The allure of Louisiana's Cajun culture is everywhere in Lafourche Parish and Thibodaux. Located just slightly southwest from New Orleans and spanning down into the isles in the Gulf of Mexico, this area of Louisiana is full of adventure. Visit Cajun restaurants featuring bowls of gumbo that could only be heaven-sent, tour the miles of beautiful bayou, stop to learn about the area's untouched history, and don't forget about the epic fishing scene. Start planning your trip to Lafourche Parish.
Top 10 Things to Do in Thibodaux and Lafourche Parish
1. Swamp Tours
Taking a tour into Lafourche Parish’s swamplands is an otherworldly experience, akin to time-traveling into Louisiana’s prehistoric past. This is nature at its most exhilarating, and lucky for visitors, the area has some phenomenal guides to show you around. 2 Da Swamp Bayou Tours & Museum offers trips to Bayou Des Allemands accompanied by traditional Cajun music, and museum displays of artifacts recalling Des Allemands’ early years. Airboat Tours by Arthur Matherne, open seasonally, gives visitors high-octane thrill rides on its fleet of airboats. Torres Cajun Swamp Tours’ guides will fill you in on the history and ecology of Bayou Boeuf while you enjoy a slow ride through the wetlands. Zam’s Bayou Swamp Tours gets visitors up close and personal with swamp residents including alligators, turtles and birds.
The White family was at one time in the top ranks of Louisiana’s political elite.
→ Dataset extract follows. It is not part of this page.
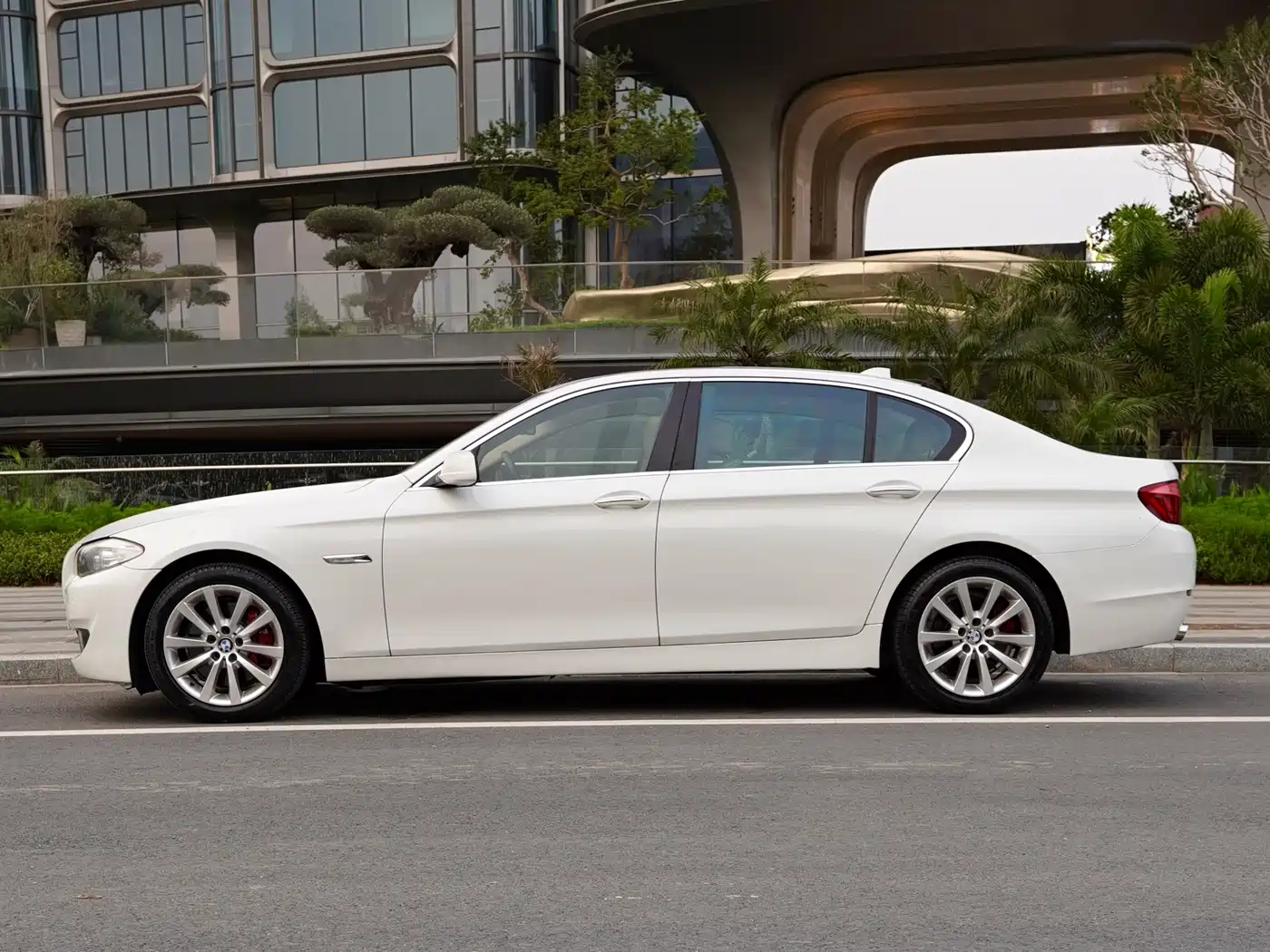 BMW 5 Series 2011 535Li Leading фото 4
Patriarch Edward Douglas White was the state’s governor in the 1830s; his son and namesake became a U.S. Supreme Court Justice in the 1890s. The elder White’s home, a Louisiana State Museum site, is open to the public for tours. The building is a time capsule of the state’s history. Built from cypress in the Creole Plantation style in 1825, White purchased the home and reimagined it as a Greek Revival mansion. On your tour of the E.D. White Historic Site in Thibodaux, you’ll learn of the White family and the home’s history, as well as stories of the Chitimacha Indians and Cajun settlers, sugar plantation owners and the slaves that worked the fields in service of them. It’s a fascinating peek into the lives of those who made Lafourche Parish such a unique cultural destination. Learn about tour times and events at E.D. White Historic Site.
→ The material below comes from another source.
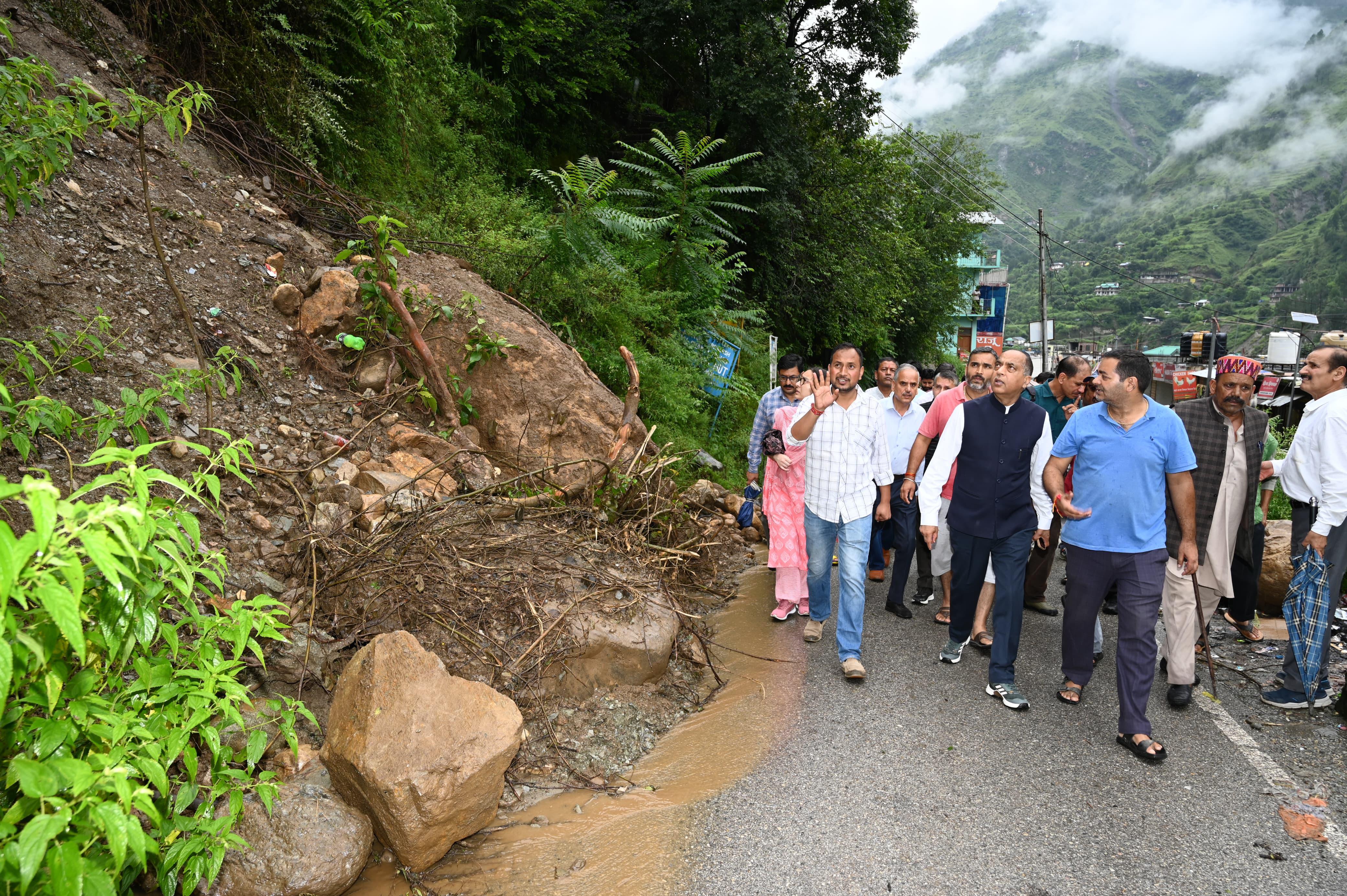 मंडी के आपदा प्रभावित क्षेत्रों का नेता प्रतिपक्ष ने किया दौरा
3. Restaurants in Thibodaux
Thibodaux is pure Cajun Country, with restaurants and fresh markets that reflect the local culture and cuisine. Top-rated restaurant spots include Fremin’s Restaurant, where you can take in the architecture of Thibodaux's downtown area. The food is prepared with a view into the kitchen and the duck-and-andouille gumbo is like heaven in a bowl. Head to Off the Hook, a down-home spot with awesome po-boys, fried seafood and more gumbo! And try something different at the Cajun Potato Kitchen, a quirky and casual restaurant serving huge baked potatoes loaded with Cajun toppings. It's fun and different and popular with the university crowd. Get a full list of local's favorite restaurants.
There aren’t many places — perhaps nowhere else, actually — where you’ll find a Cajun-themed children’s museum. Bayou Country Children’s Museum in Thibodaux brings together Cajun history, education and fun, and it’s an awesome way to spend a day with the family. Kids can play on a full-size sugar harvester, toss beads from a Mardi Gras float, climb aboard a shrimp boat and more.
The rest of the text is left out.